Let me explain…In my neighbourhood we all have pets, and can often be seen of a night, walking with the dog. It occurred to me that, while we were out like this, in our leisure time more or less, if we saw anyone creating trouble, or littering, or picking his nose, or sizing up joints for a little burglary… well we could all jump him, and in next to no time, our streets would be safe again.

OK, you can switch off the irony detector now. Sounds ridiculous? Dangerous, even? But that is basically what this article in the Guardian is proposing…

Let’s investigate…

First a short introduction and preliminary points. Those who know me in real life, know that I am a father of three [all girls] and my first reaction—probably not the wisest one, I’ll admit—were anyone to get nasty on one of my girls would involve extremely violent thoughts. The same applies if someone get fresh with other kids that I know. I’m a big softy like that.

The article in the Guardian is written by one Dave Birch, with a Guardian by-line. It is not a letters’ page, it is not a feedback page. It appears to be Guardian-sanctioned content by a regular columnist.

But not only what this guy is proposing unethical—as my intro seeks to point out, it is dangerous in implying that bad and simplistic propositions could provide help to a serious problem.

This isn’t helped by that fact that Child Porn is also a very red-rag-to-a-bull subject. So let’s start by exploring the edges…

Porn is legal in most Western countries. Porn, that is, images [film, text, etc.] portraying consenting adults engaged in acts of a sexual nature. You can call this porn, or erotica, or filth; it all depends on your beliefs. That doesn’t change the fact that the creation and possession of such material is generally either tolerated, or legal, depending on the country where you live.

By definition, Child Porn cannot be legal, as, by its nature, it does not involve consenting adults. Nor should anything be tolerated that encourages or supports child abuse.

Fierce words.

The age of sexual consent varies widely, from about 14 to 18, depending on the country. Some countries— like France for example, where I live—accept that a minor may have sexual realtionships, but try to avoid minor/adult relations through specific legislation. This can lead to problems when a 17 year old is dating an 18 year old, and the younger one’s parents object. Technically, if they do have sexual relations, this is an offence and the police can [and do] become involved. But two 16 years olds, for example, will be left alone. At least by the law.

Please note, I don’t give a fig about the gender of the people in these examples, that is a private matter for the people involved, and irrelevant for the arguments. But it does make for heavy-handed phrases.

Point one: if a sixteen year old takes a lewd photograph of a similarly-aged sexual partner and leaves that picture, with the other person’s consent, on a computer or website, is that trading in child porn? In the States, probably, as the age of sexual consent is generally 18. In France, probably not. I’d agree that it is probably not a wise thing to do, but at 16 people do do dumb things. And that’s not the question. Is age the only concern? In that case, my parents have plenty of photos of me, pre-adolescent and nude. Lots of family albums do. Yet, because of the red-rag effect, communities now often protest and soemtimes block exhibitions and shows that might portray naked children. In most cases, this is ridiculous hysteria.

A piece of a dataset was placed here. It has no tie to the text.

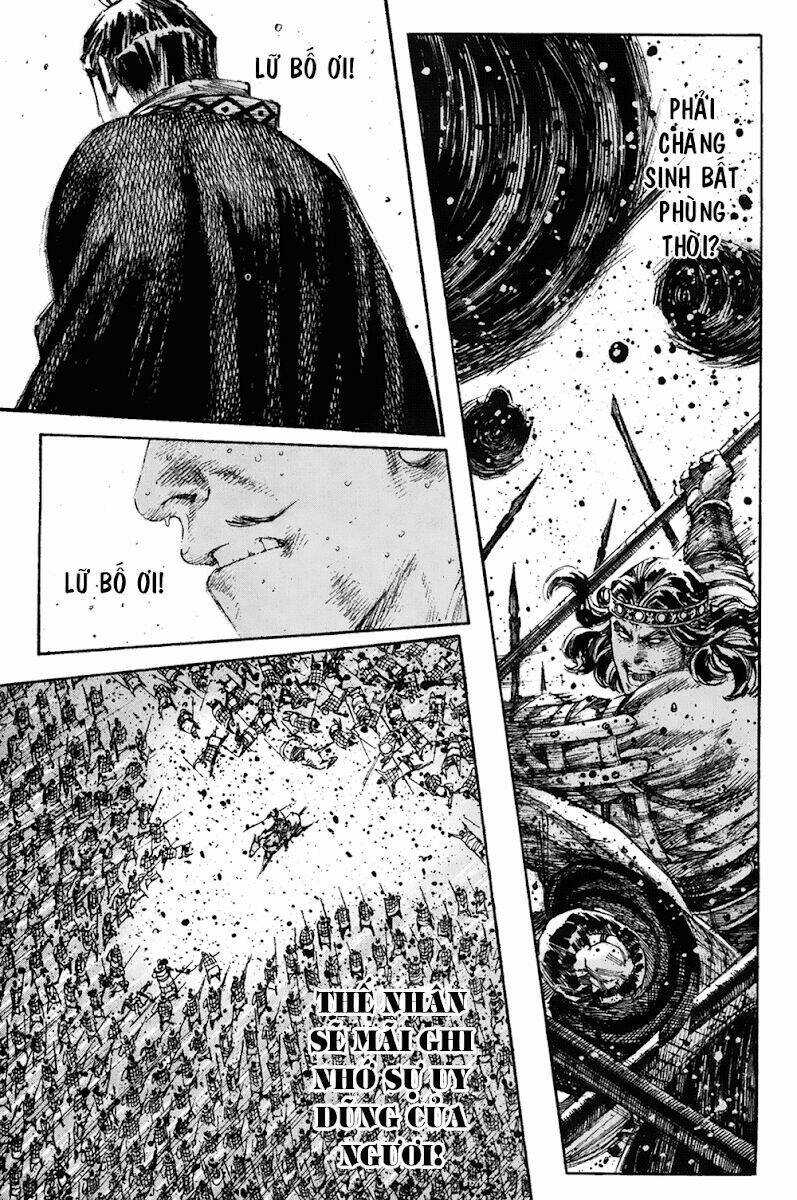 Hỏa Phụng Liêu Nguyên Chapter 210 - Trang 2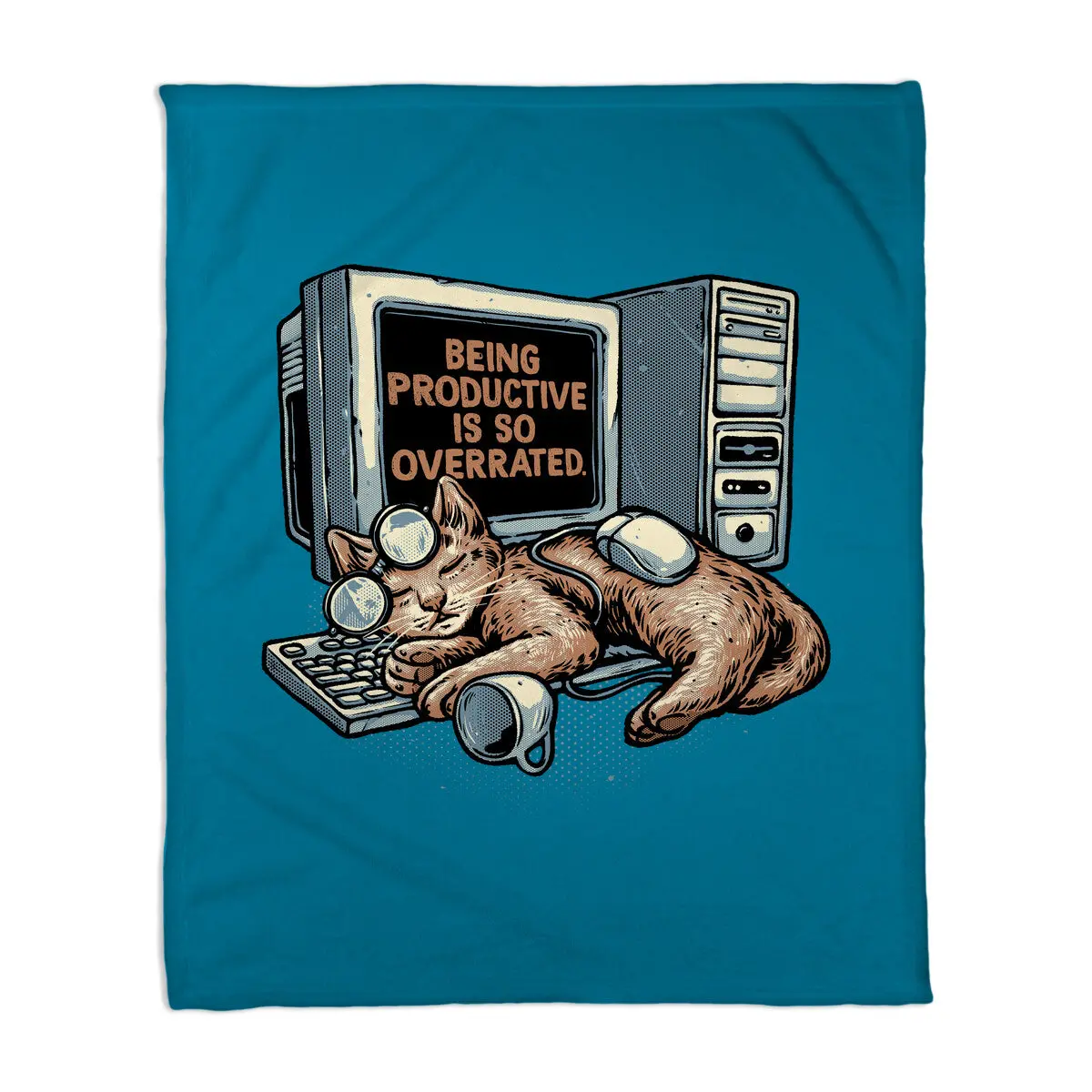 Overrated Productivity 4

Point two: having child porn found on one’s computer is the 21st century equivalent of leprosy. And most people would agree that only severely repressive sentencing is enough to punish offenders. Others will talk about chemical castration, even physical castration as not being good enough… Yet, everyone has heard of how easy it is to attack a person, almost any person, through the Internet, through phishing attacks, or browser exploits. Most reasonable people should have already stopped using Internet Explorer and Outlook because of that… but even so it is child’s play to place incriminating images on another person’s machine… [I have image-loading turned off in my mail client, and view only text, but there again, I’m not writing a technology column in the Guardian…]
Here goes. Craft an HTML mail in the Mozilla/Netscape mail application, or in Thunderbird. Place an image in that mail, something easy to identify like a big red cross on a black background. Now, make that image 1 pixel by 1 pixel. Slip it in as a full stop… Mail it to a friend. Chances are that image will be downloaded and placed in the cache used by your friend’s mail client. An image scan of that computer would find it. Try using the new Google Desktop, for example. Of course, your friend didn’t knowingly download the picture, but it was found on her computer, after all. Now think how easy it is to replace the red cross with something more vicious. And how easy it is to spam ‘x’ million people on the ‘net.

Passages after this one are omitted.